Ce parti pris intimiste distingue Deliver Me From Nowhere de la plupart des biopics musicaux, souvent écrasés par le spectaculaire de la vie d’artiste. Ici pas d’overdose, d’excès ou de scandale: juste une dépression profonde et longue comme une autoroute américaine. Malheureusement, Scott Cooper n’ose pas creuser la faille jusqu’au bout et la sobriété du sujet vire parfois à la léthargie.

Peu de ruptures de ton, peu d’élans de cinéma. Là où l’album Nebraska fascinait par sa rugosité et son étrangeté, le film reste trop poli et plus illustratif que viscéral. Chaque silence paraît calculé, chaque plan cherche la beauté feutrée au détriment du désordre. Ironiquement, Deliver Me From Nowhere ressemble à ce que Columbia Records a d’abord voulu faire de Nebraska : un album nettoyé, remasterisé et formaté pour le grand public.

Pourtant, le film conserve une sincérité indéniable.
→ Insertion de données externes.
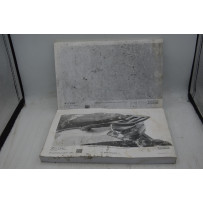 Libretti Uso e Manutenzione Peugeot Tweet 50 / 125 / 150 / 200  1708083689554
Scott Cooper ne mythifie pas Springsteen mais cherche à comprendre ce qui, derrière la gloire, l’a presque brisé. En ce sens, Deliver Me From Nowhere capte un moment essentiel : celui où la création devient le seul refuge. Reste l’élégance du geste, la beauté mélancolique des routes du New Jersey en automne, et la justesse de Jeremy Allen White qui rend hommage à l’ombre d’un homme que l’Amérique n’a vu qu’en pleine lumière.

Jeremy Allen White en Bruce Springsteen dans Springsteen : Deliver me from Nowhere
© 2025 20th Century Studios

Loin de la rockstar, Springsteen: Deliver Me From Nowhere explore les silences d’un artiste à bout de souffle. Si le film souffre de sa mise en scène trop sage, il tire sa force de son regard sur la vulnérabilité et de la performance de Jeremy Allen White.